With batch_size=128, it fails after "Evaluation [18/100]", ie. 18 batches out of 100 of the dev set are translated OK, but the 19th fails.
With batch_size=100, it fails after "Evaluation [77/100]".
With batch_size=64, the whole evaluation goes OK and the model continues to train (but quite slowly due to the low batch size, so there is no advantage in multi-gpu).

Also having this issue. Have you made any progress on this?

Could you guys just try --eval_steps=5 or sth like this? I mean: is it only failing because it has evaluated the whole set, or sth else? Could you try --eval_steps=5 and report back if it works? Thanks!

@lukaszkaiser My dev set has about 110k subwords (BTW: is there an easy way to compute it exactly?). When training on a single GPU with batch_size=2048, I need 55 eval steps to cover it whole. If I use more eval_steps, I see "Out of range: End of sequence" warnings, but the training continues and approx_bleu is computed correctly.
As I wrote in my last post, when training on two GPUs with batch_size=128, the evaluation fails after 18 batches, but the whole dev set has 110k/128=860 batches. So the failing is not because of evaluating the whole set (even if I multiply 128 by 2 because of the two GPUs, BTW: is the evaluation is parallelized?).
I don't have access to two GPUs on the same machine at the moment.
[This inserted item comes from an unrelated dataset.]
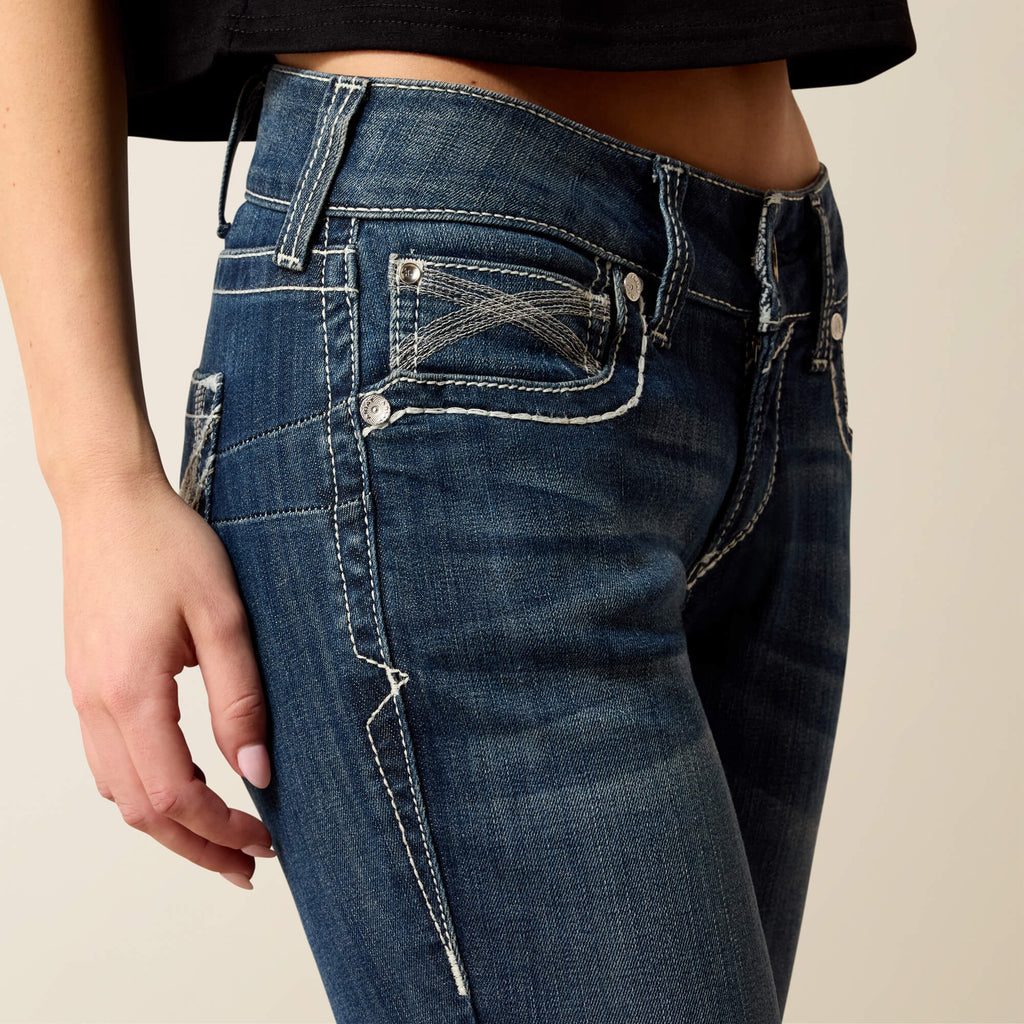 Women's Mid-Rise Stretch Straight Jeans - Dresden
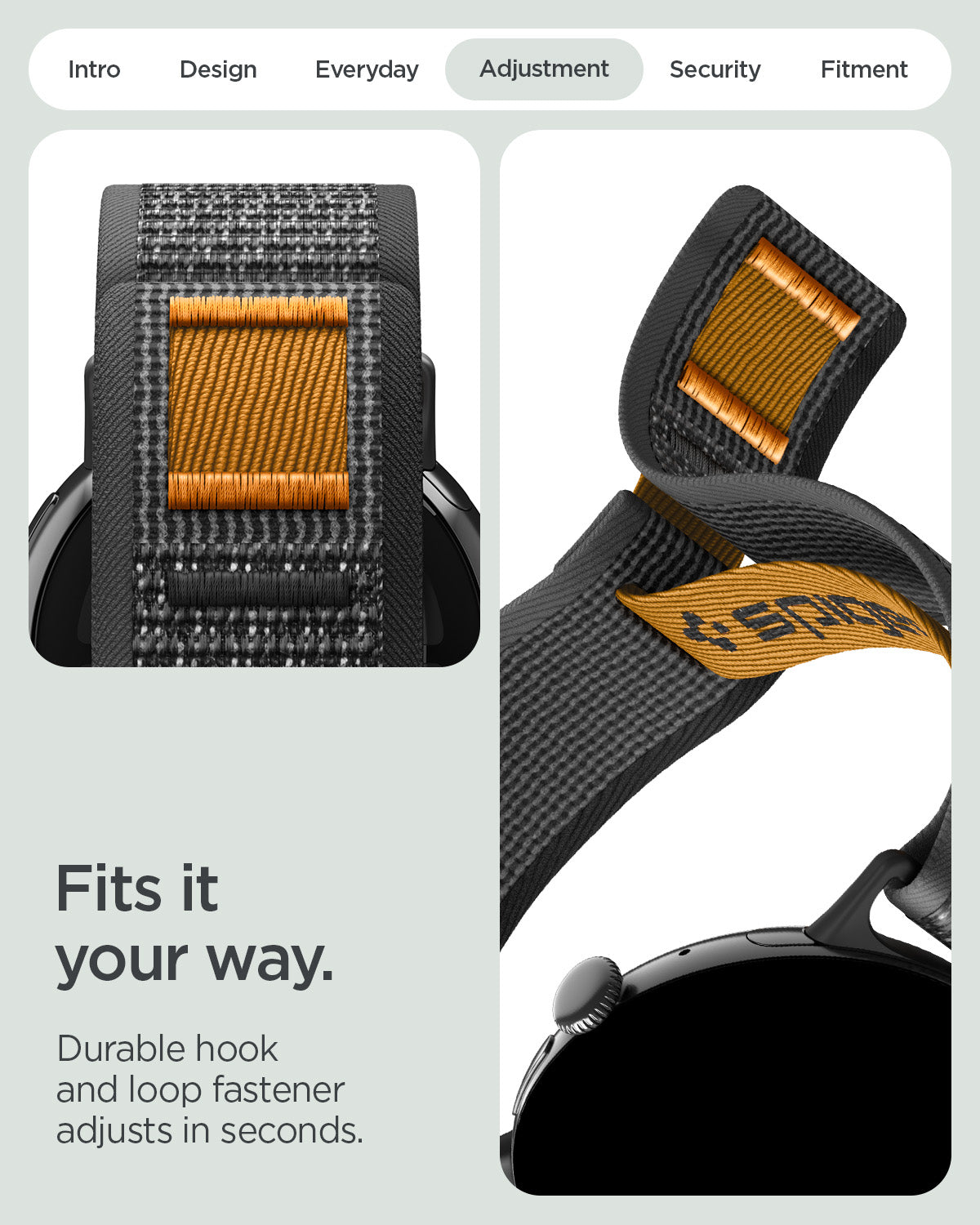 AMP11751 - Pixel Watch 5 (41mm) Athlex Air Active Black Orange hook and loop fastener allows quick, secure, and precise adjustment.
Once I have, I will try --eval_steps=5 and report back. Based on my previous experiments, I guess that batch_size bigger than 256 will fail anyway (it had failed before finishing the first eval batch).

I tried eval_steps=1/5/8/16 with --worker_gpu=2, none of them worked.
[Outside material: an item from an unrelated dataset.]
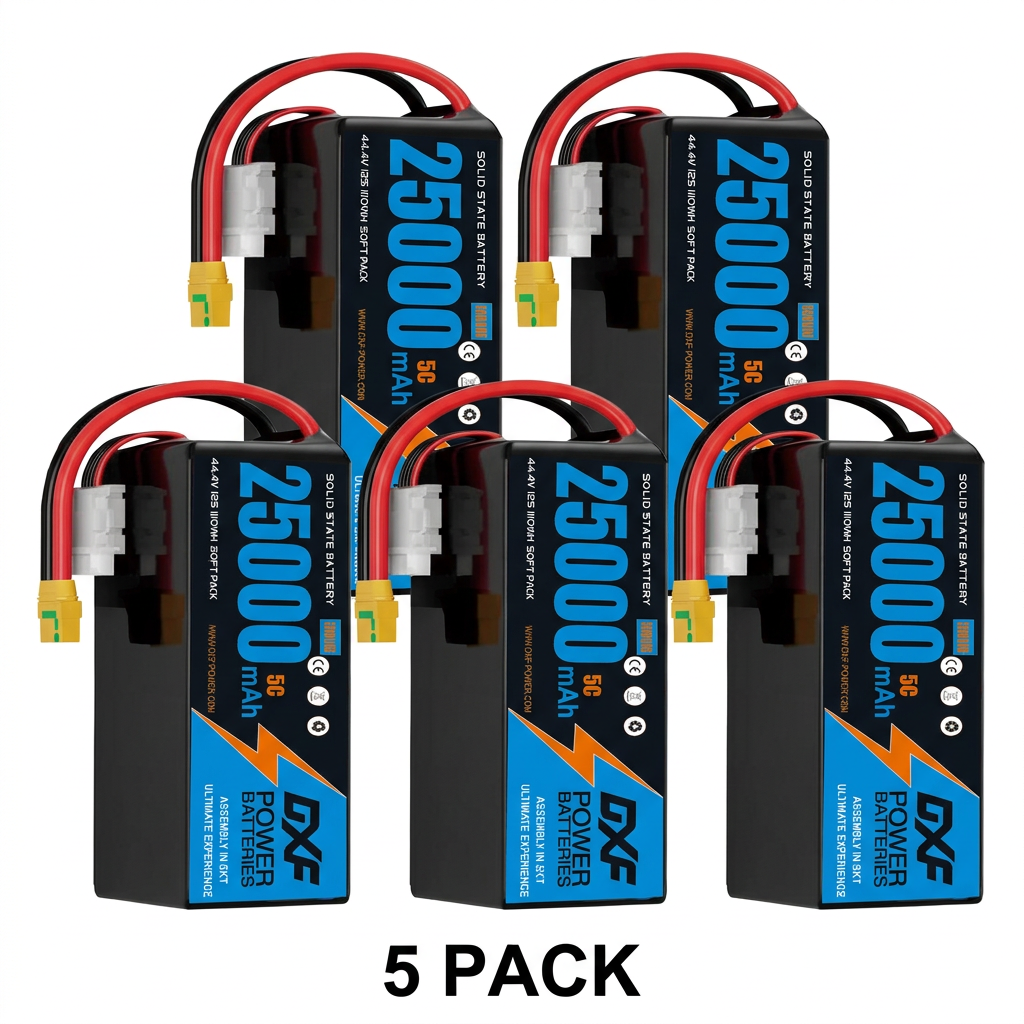 DXF SEMI-SOLID 14S 51.8V 25000mAh 5C Soft Case LiPo Battery with 8AWG Wire for Toy Cars, Boats, UAVs & Drones (1-6 Pack)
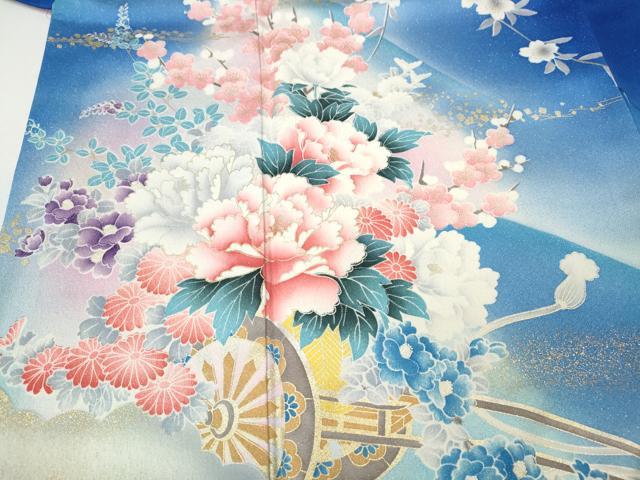 平和屋着物●豪華振袖・長襦袢セット 花車文 暈し染め 銀通し地 さが美扱い 正絹 逸品 CABI9975ut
I tried eval_step=5 with worker_gpu=2 and it failed for batch_size 100 and more (128, 256, 512, 1024, 2048). Usually, it failed within the first evaluation (at different steps 1-4), just once it failed within the second evaluation.
With batch_size 80 or less, it worked OK (at least for 18 evaluations, when I stopped the experiment).
However, when I increased eval_step to cover the whole dev set, it failed anyway (at [289/1051]), even with tiny batch_size.
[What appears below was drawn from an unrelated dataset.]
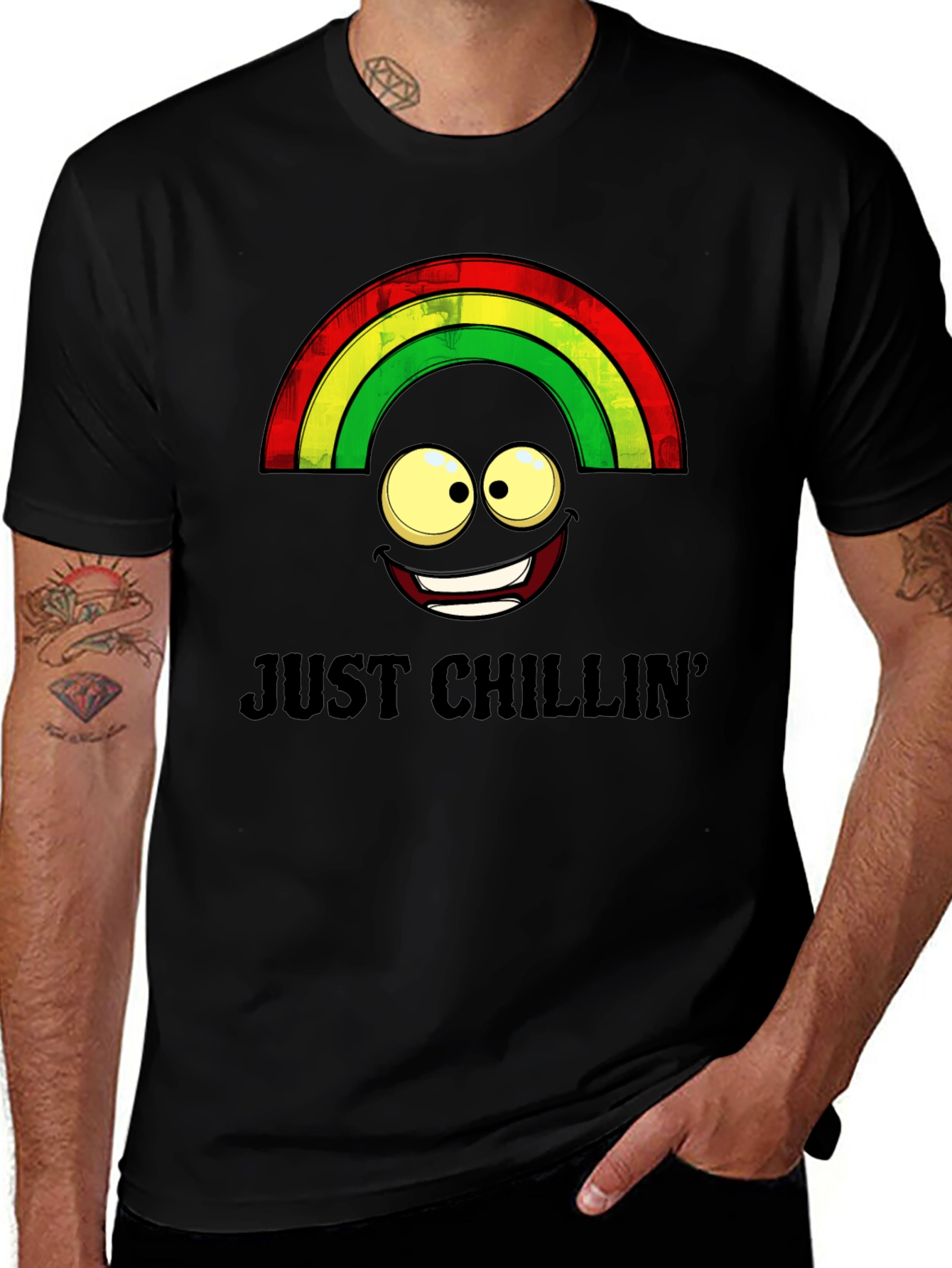 Variant 19 of Just Chillin' Rasta Rainbow Graphic T-Shirt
I guess this is the relevant portion of the long stacktrace:

  File "/home/popel/venv/tf1.3gpu/lib/python3.4/site-packages/tensor2tensor/utils/input_fn_builder.py", line 200, in cond_on_index
    return fn(cur_idx)
  File "/home/popel/venv/tf1.3gpu/lib/python3.4/site-packages/tensor2tensor/utils/model_builder.py", line 242, in nth_model
    features, skip=(skipping_is_on and skip_this_one))
  File "/home/popel/venv/tf1.3gpu/lib/python3.4/site-packages/tensor2tensor/utils/t2t_model.py", line 430, in model_fn
    sharded_features = self._shard_features(features)
  File "/home/popel/venv/tf1.3gpu/lib/python3.4/site-packages/tensor2tensor/utils/t2t_model.py", line 411, in _shard_features
    0))
  File "/home/popel/venv/tf1.3gpu/lib/python3.4/site-packages/tensorflow/python/ops/array_ops.py", line 1232, in split
    split_dim=axis, num_split=num_or_size_splits, value=value, name=name)

Update: I checked 1.2.2 and the problem is still there.

The problem is that here:
The feature value v dimension 0 size is not divisible by self._num_datashards.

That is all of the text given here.